City Cast

Where to Savor Las Vegas' Atomic Elements

Scott Dickensheets
Scott Dickensheets
Posted on July 19
Photo of nuclear explosion cloud

One of many nuclear tests in the desert near Las Vegas. (Getty)

⚛️ Christopher Nolan’s epic biopic “Oppenheimer” opens Friday, and for many it may rekindle interest in America’s mid-century atomic era. Most of the film’s action will probably take place in New Mexico, but we all know where the action moved after that: the Nevada Test Site, close enough to Las Vegas that the above-ground blasts became tourist attractions.

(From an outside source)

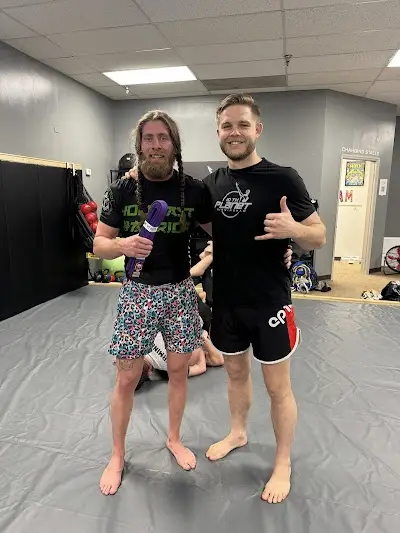 10th Planet Jiu Jitsu Birmingham AL BJJ Academy - photo 1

Those days are long gone, but you can still catch a wisp of atomic mojo.

🧠 Learn

The obvious starting point is the Atomic Museum, adjacent to UNLV. This facility chronicles the history of the Nevada Test Site, as well as the tentacular pop culture representations of the atomic mindset. The test site itself, now rebranded as the Nevada National Security Site, offers free historic bus tours monthly, showing 50 guests such sights as the Frenchman Flat bomb-viewing benches, a blast crater, and one of the “doom towns” created so the government could study the bomb’s effects. (Available dates begin January 22, 2024.)

🍺 Drink

Atomic Liquors, owner of the city’s first tavern license, was said to be a popular spot to watch the distant mushroom clouds and flashes of light. Able Baker Brewing Company, on Main Street, might not date from the nuclear era, but it pays homage to our atom-splitting past with several of its brews, including the Atomic Duck, Heavy Water, and Gerboise Blanche, which refer to a notorious 1960 French nuclear test in the Sahara Desert.

📚 Read

On Saturday at the Atomic Museum, author Bruce Borgos will sign copies of “The Bitter Past,” his new mystery with roots in Nevada’s nuke-testing era. On the nonfiction tip, “Doom Towns: The People and Landscapes of Atomic Testing, A Graphic History” (co-authored by UNLV professor Andrew Kirk) explores “the lived history of nuclear testing” in graphic-novel form. Ever wonder what happened to the mannequins that “peopled” those doom towns? So did journalist Glen Meek, who delved into their surprising fate in a fun piece for The Nevada Independent.